Marissa Mayer's decision to leave Google (who does that?) to take over a long-struggling Yahoo would've been newsworthy enough to make headlines, but when news of her job change broke, the conversation about Mayer quickly shifted away from business models and projections. Soon it seemed all anyone wanted to talk about was her age, her gender and the fact that she was pregnant with her first child.
The conversation disappointed me, not to mention, bored me to tears; are we still underestimating each other based on age, gender and impending motherhood? I thought we'd moved on and had accepted that there are young, intelligent, even pregnant women capable of running Fortune 500 companies.
Apparently not, since it seems every operational decision Mayer makes at Yahoo makes its way into the headlines, from the company's beefed up maternity policy to her nixing employees' right to work from home.
This week, Yahoo topped Google in total web traffic, which is certainly newsworthy, and presumably a big win for Mayer's leadership. Only it was her feature in Vogue that anyone seemed to want to talk about. And here we go with the decades-long (read: unoriginal, tired, BORING) debate over whether women can be both powerful and fashionable.
Should a CEO be posing in a fashion magazine? Won't that undermine her position as a business woman?
Maybe my vantage point gives me a different perspective, because in both my professional and personal life, I am surrounded by gorgeous, intelligent, and yes, stylish women. I don't want to speak for anyone, but I'm almost positive that if Vogue came a callin' anyone of us, we wouldn't hesitate to enthusiastically say YES, without wondering if there was a deeper meaning or if our intentions in doing so might be misconstrued as something else.
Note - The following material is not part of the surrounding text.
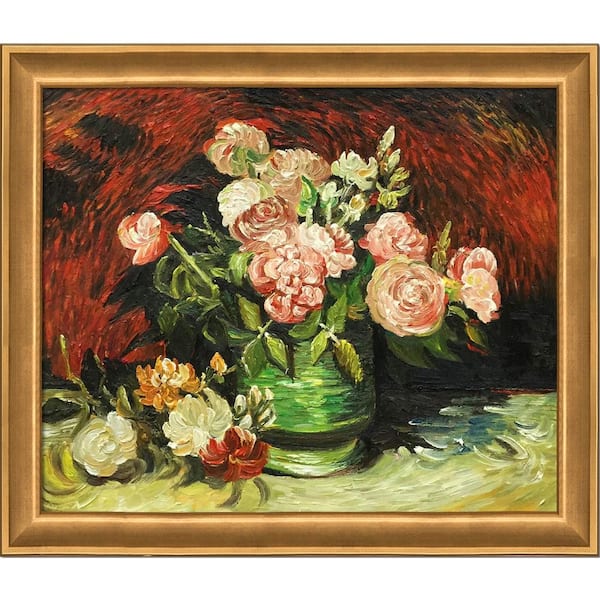 LA PASTICHE Bowl with Peonies and Roses by Vincent Van Gogh Muted Gold Glow Framed Abstract Oil Painting Art Print 24 in. x 28 in.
I mean, it's a photo shoot. For Vogue. Can't it just be that?
I almost did a back flip in my house when I read TIME writer Anna Holmes say so eloquently exactly how I feel -
" . . . the debates . . . make me yearn for a time when female competence in one area is not undermined by enthusiasm for another, in which women in positions of power are so commonplace that we do not feel compelled to divine motive or find symbolism in every remark they make, corporate policy they enact or fashion spread they pose for."
What's funny is that these elements of Mayer's personality that many find to be at odds (A computer nerd who likes Oscar de la Renta? Whaaaat?) are the very ones that I think make her so very interesting - she's a Stanford graduate, the first female engineer hired at Google, a board member at the San Francisco Museum of Modern Art and the New York City Ballet. When she got married, she threw an extravagant wedding that included a musical performance by the Killers. She plays Candy Crush on her iPhone and, surprise, surprise, she loves fashion.
I’m equal parts inspired by her, intimidated by her and convinced that despite her off the charts intelligence and success that she and I could actually hang out and be friends.
The more I've read about Mayer, the more I think I have finally found a person who is living, breathing proof that women can indeed have it all. Only Mayer herself wouldn't say that's the case.
In fact, a couple of years ago, in remarks she made at the Campaign for the American Conversation, Mayer said, "You can't have everything you want, but you can have everything that matters to you."
At that same event, my Twitter pal (and newly appointed Director of Digital Innovation at TIME) Callie Schweitzer had the opportunity to ask her, “What’s the best advice you’ve ever received?”
Shockingly - Mayer didn't say, "Once you become a CEO, abandon your personal interests and only do business executive-appropriate things," nor did she say, "Stay away from Vogue fashion shoots for it might undermine your authority."
Her response: "Find your rhythm.”
Find what matters to you and make time for it.
That, of course, involves identifying what matters to you, which for me has been the most challenging part of the equation. But as someone always seeking balance in my life and who often feels that there aren't enough hours in the day to do all of the things that I want/need to do, Mayer's advice makes so much sense to me and brings calm to a subject that usually gives me much anxiety.
Mayer has always loved fashion - so when Vogue actually did come calling her - and in staying with her own rhythm, of course she agreed to do it. Must we assume she did so at the expense of running her own company, or to the detriment her own image?
Why? Because what everyone else thinks likely doesn't matter to her.
No, you cannot have it all - including the approval of every journalist and blogger about every decision that you make. But the things that you really care about? Well, those are yours for the taking.
So if it's cupcakes, or Irish goodbyes, or computer coding - and in Mayer's case, it's all of those things - find your rhythm.
"You can't have everything you want, but you can have everything that matters to you."
So find what matters, and go get it.